Kathrin Betz: Dietro la tassa sul tonnellaggio in molti Paesi, specialmente in Europa, c’è l’auspicio di riportare le flotte sotto la propria bandiera. Questo, perlomeno, le assoggetterebbe alla regolamentazione europea. Ma il problema in Svizzera è che la comprensione del trasporto marittimo, nella politica e nell’amministrazione è scarsa. L’industria può approfittarne. Se non altro, la proposta ha il merito di far discutere pubblicamente della questione.
Ciò è vero per molti settori industriali con un orientamento internazionale. La ragione è forse il modello di economia liberale che, combinato con le strutture federaliste, produce una mancanza di trasparenza in interi settori economici?
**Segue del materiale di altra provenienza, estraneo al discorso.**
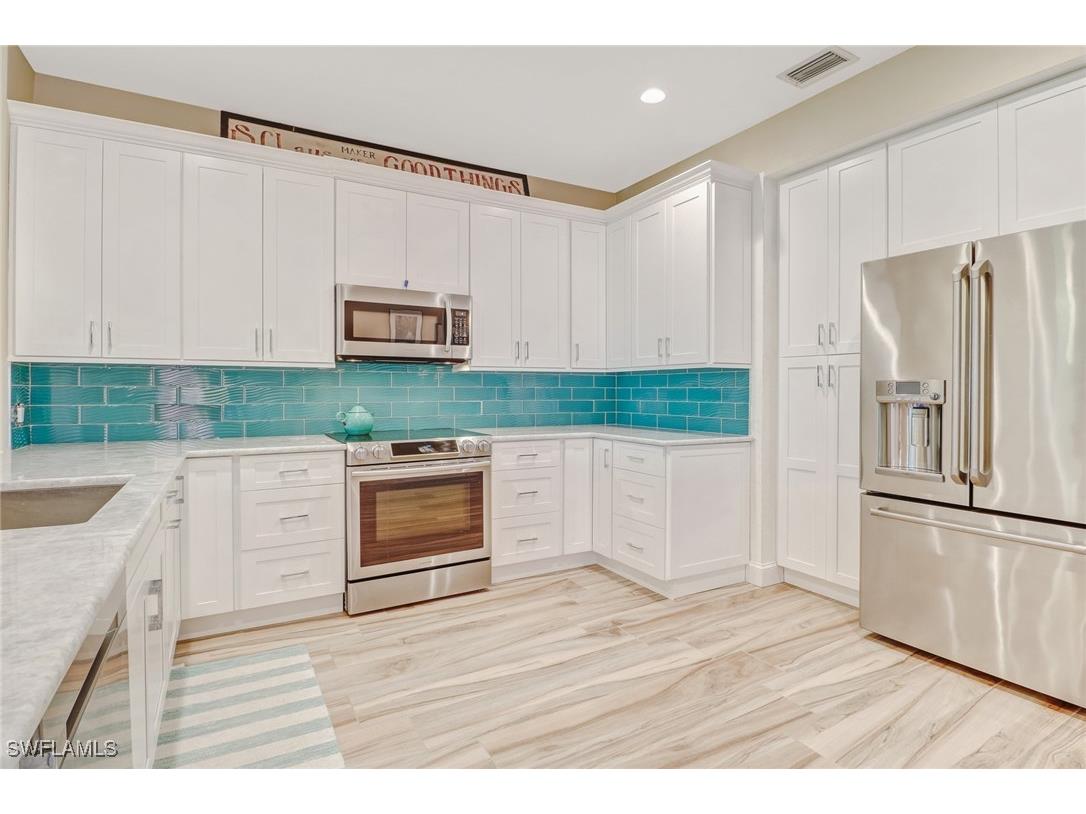 10037 Heather Lane #4 Naples FL 34119 225075644 image11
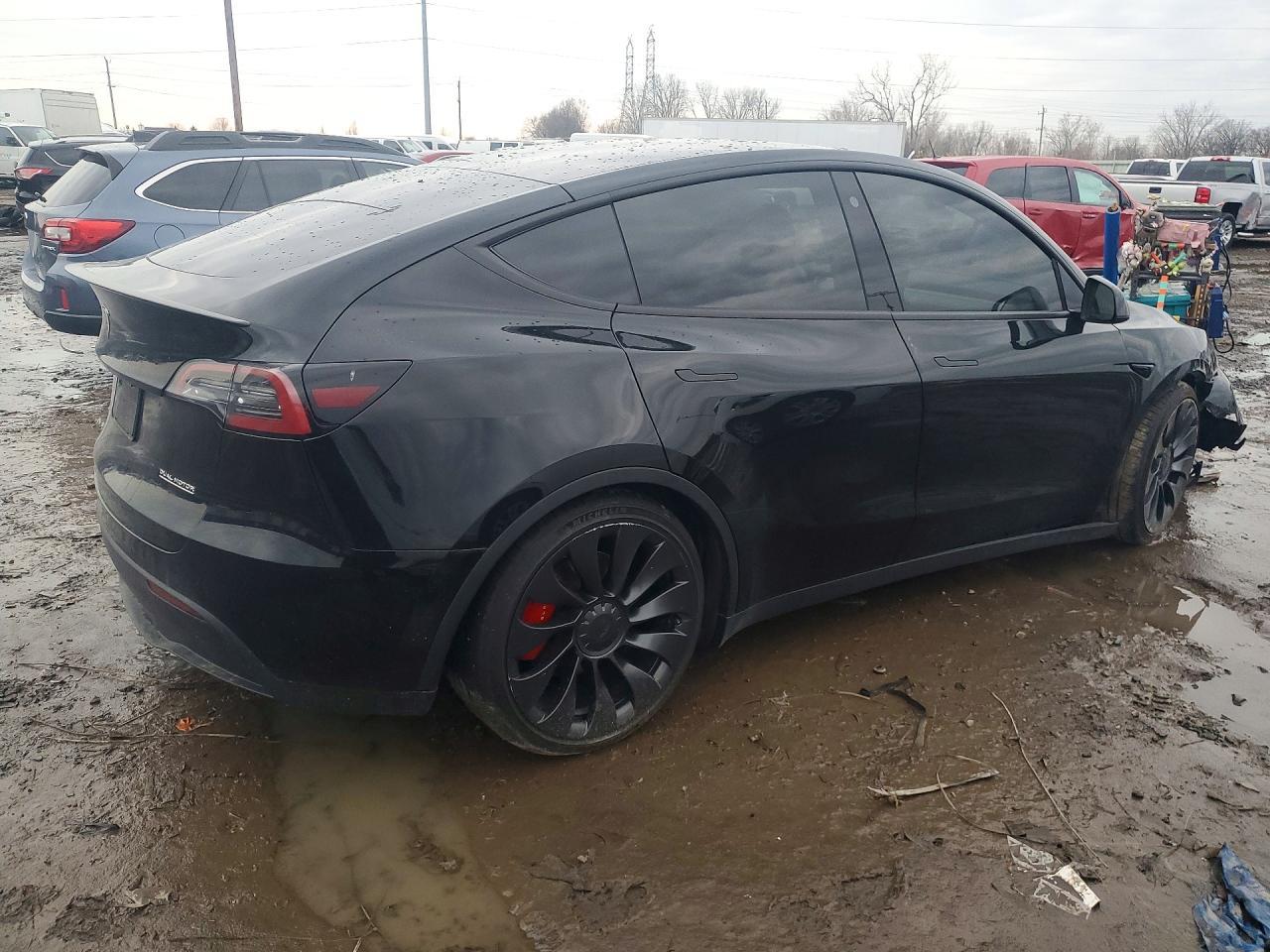 2022 Tesla Model Y - Фото 3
Mark Pieth: La gente non ha idea di come sia utilizzato il territorio svizzero e lo vediamo chiaramente ora con la guerra in Ucraina: improvvisamente le persone capiscono che dietro le belle aiuole fiorite di Zugo, l’oligarchia russa gestisce le proprie compagnie in modo discutibile. Ci si sta svegliando solo ora. Altre aree problematiche, come il settore delle materie prime e il mercato finanziario, sono invece riconosciute come tali da tempo.
Penso inoltre che le autorità di controllo siano oberate lavoro. E quando viene formulata la necessità di una regolamentazione, questa viene respinta in Parlamento. Il miglior esempio è lo sport, dove non è successo nulla dopo lo scandalo Fifa. L’ingenuità del pubblico e il massiccio lobbismo di varie industrie sono un mix preoccupante.
Tuttavia, qualche segnale di cambiamento c’è. L’iniziativa sulla responsabilità delle imprese, che è stata quasi approvata dal popolo svizzero, e il successo dell’iniziativa sull’estensione del divieto della pubblicità sul tabacco mostrano che il pubblico è sempre più critico.
Che influenza avrà la guerra in Ucraina sul settore della navigazione svizzero?
Mark Pieth: Il punto è sapere fino a che punto le sanzioni contro la Russia saranno intensificate, perché siamo ancora lontani dal capolinea. Lo si raggiungerebbe se non fosse solo l’oligarchia a essere sanzionata, ma anche le aziende russe. La Svizzera, che ne ospita molte, non potrebbe tirarsi indietro.
Le conseguenze per il settore stanno già venendo a galla, ragion per cui le sanzioni vanno tenute in considerazione. Vedremo probabilmente una transizione verso l’Asia. La concorrenza diventerà più intensa.
Kathrin Betz: Anche in questo caso l’opacità nell’ambito della proprietà potrebbe rivelarsi un problema e creare delle difficoltà alle autorità.
Mark Pieth: Va comunque detta una cosa: gli Stati potrebbero scoprire molto di più – se lo volessero. Esiste la possibilità di rintracciare la proprietà sulla base delle transazioni finanziarie. Ma ci sono grandi interessi in gioco per mantenere l’anonimato.